It was no banquet, but it tasted pretty good – and I really do believe that enough is as good as a feast. More to the point, I felt good not wasting food, and not spending $8 or $9 on takeout.
No doubt some of you are horrified by "old" tortillas and cheese. Had it been uncooked meat, I would definitely have thrown it out; I once got as sick as a dog on some past-its-prime hamburger.
But old tortillas are fine, if sometimes a little tough, and heck, some people pay extra for cheese with mold on it.
Reality is just outside
From my kitchen window, I’ve watched a homeless guy pull food from the Dumpster. When I’ve asked him to please put the bag back, he bolts – still chewing. It’s a real-life example of "people are starving in (whatever country your parents used to name)."
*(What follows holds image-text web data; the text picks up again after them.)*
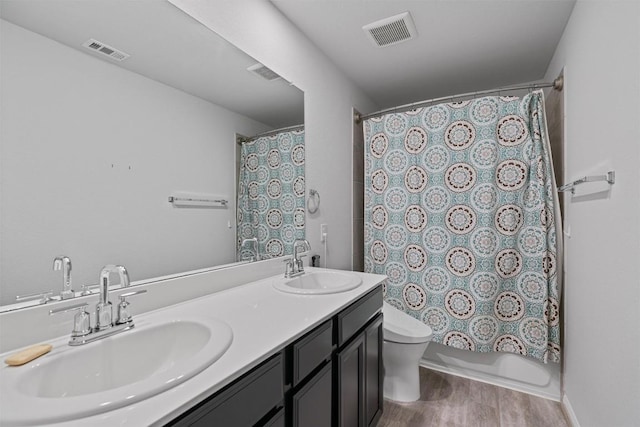 16816 Caperi Dr, Pflugerville, TX 78660 - full bathroom featuring wood finished floors, toilet, and double vanity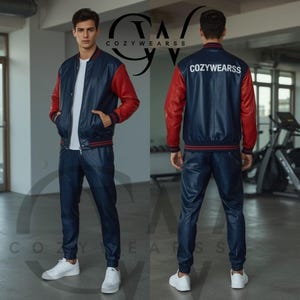 May include: A two-piece leather outfit in navy blue and red. The jacket has red sleeves and a navy blue body with a red and navy blue striped trim. The matching pants are navy blue. The text "COZYWEARSS" is on the back of the jacket.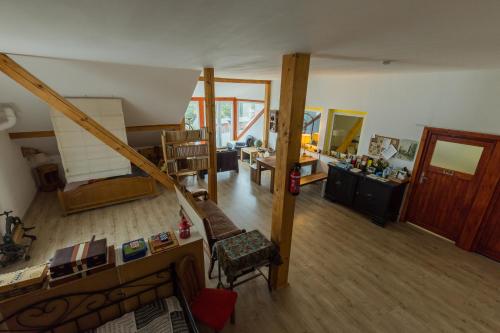 a large living room with a staircase and a living room at Traumhafte Ferienwohnung in Ratzeburg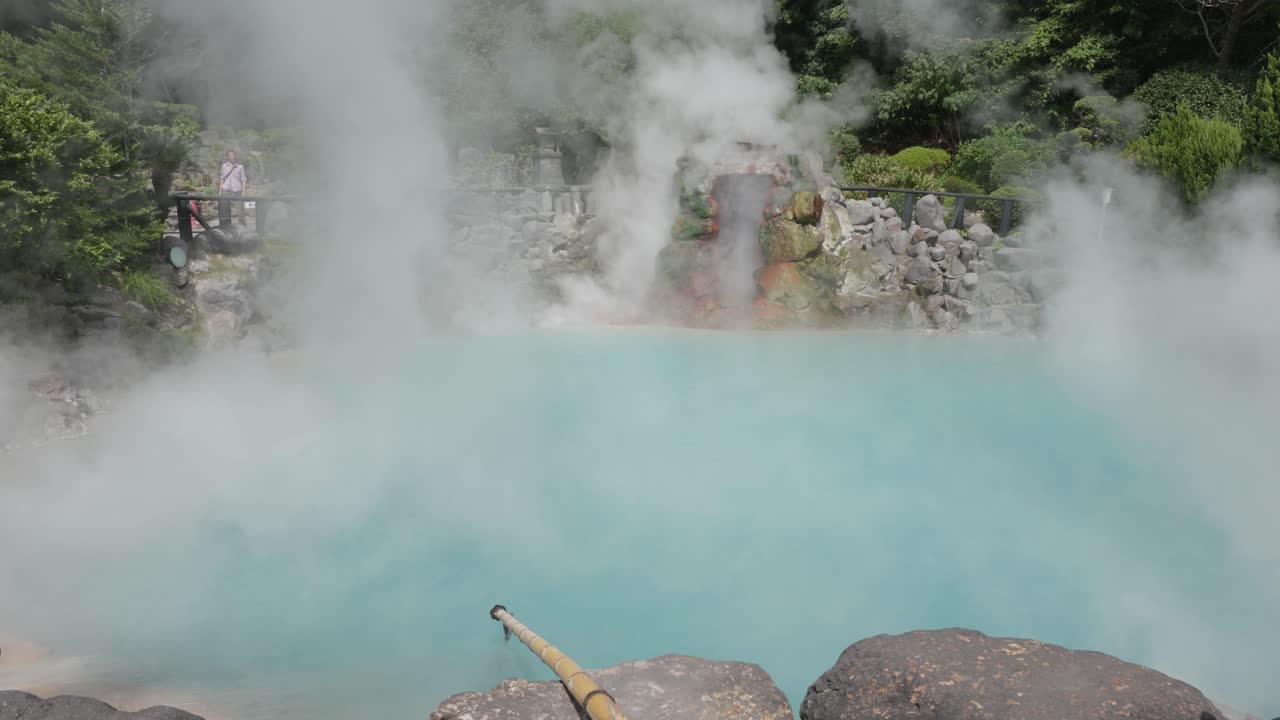 Steam going up from turquoise water in Beppu Hells, Japan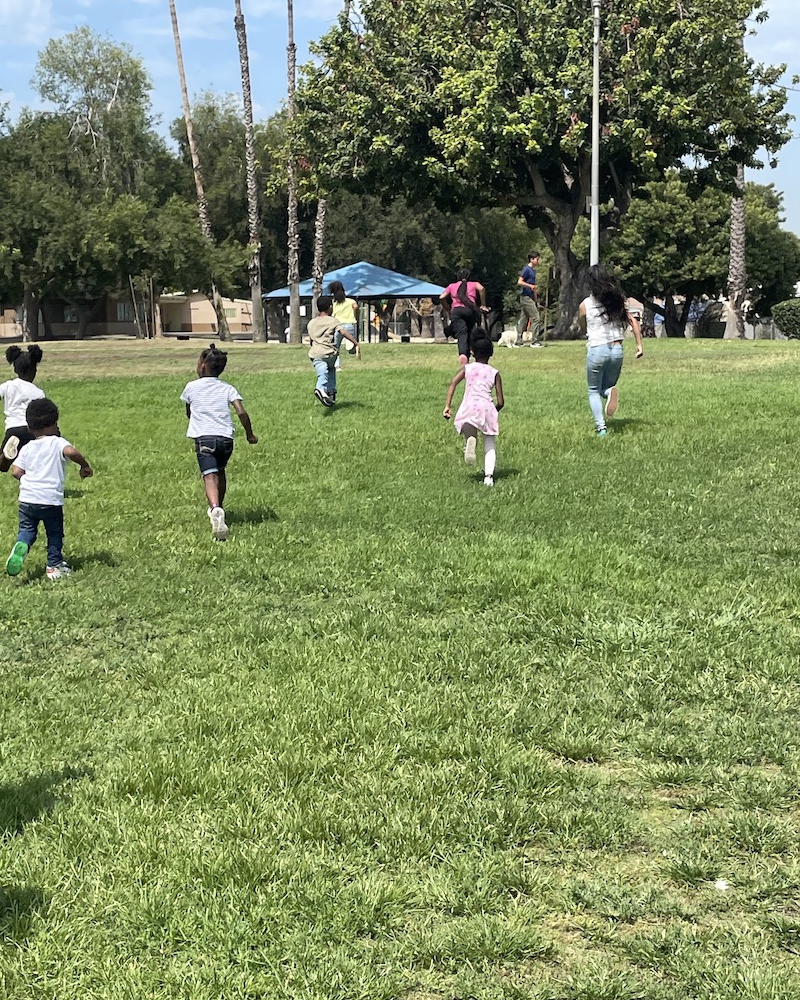 Children are running through the park during playtime.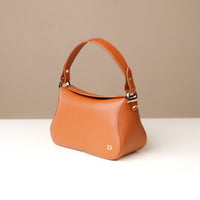 Side view of brown Hold Bag by Danilos in smooth leather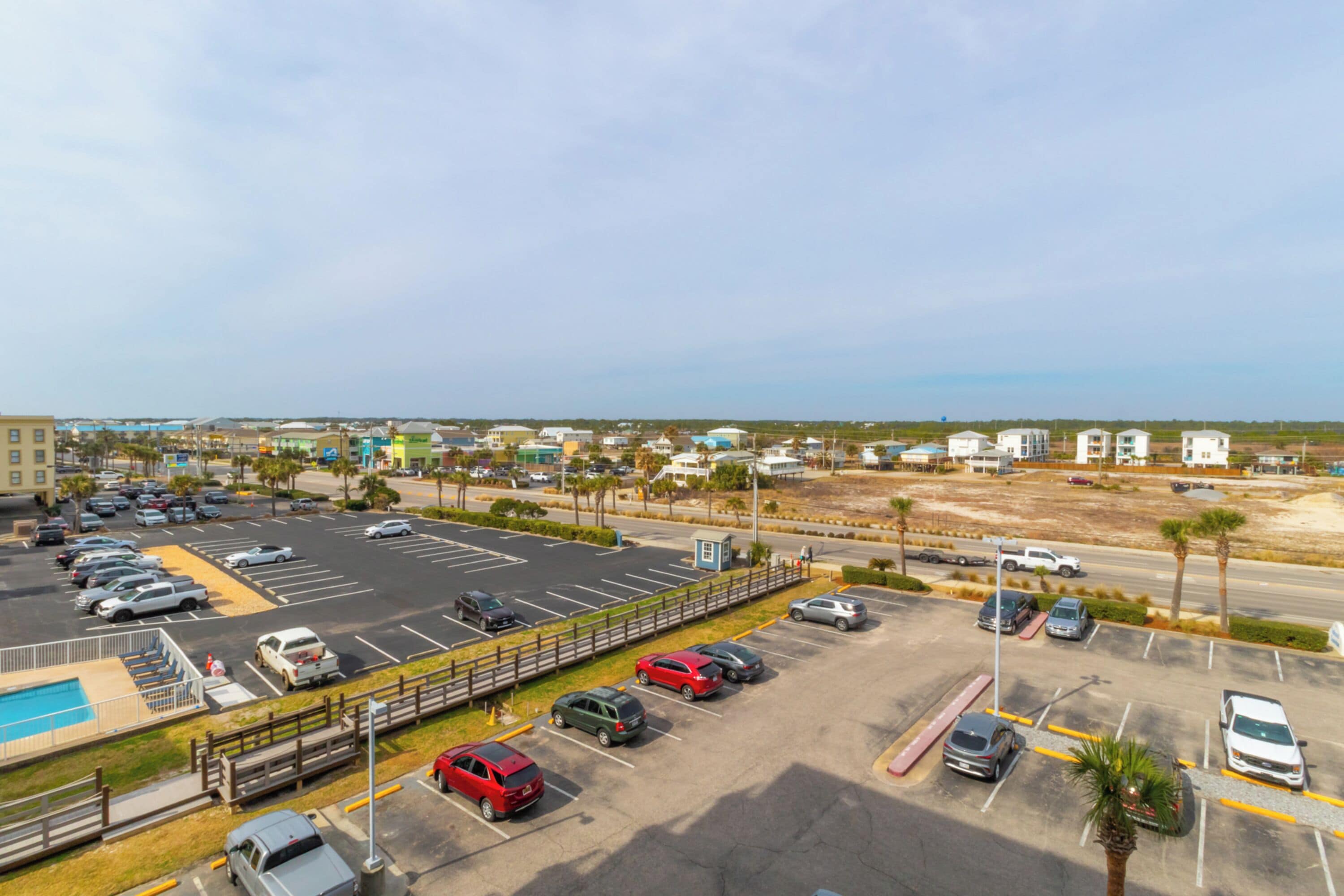 A parking lot with multiple cars, a small pool, and a view of buildings and a beach in the background.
Would that man turn up his nose at three-day-old chicken? Doubtful.
Would most of the hungry people in the world consider last night’s meatloaf unacceptable? The vegetarian ones, maybe.
Would my mother countenance throwing away food just because it didn’t appeal to me right off the bat? I pictured her in Heaven, shaking her now-celestial finger at me: You’re not going to waste that, are you?
No, I’m not. I think that Americans waste way too much food. Yes, it was only a few ounces of chicken. But people are starving in Darfur. And in Seattle.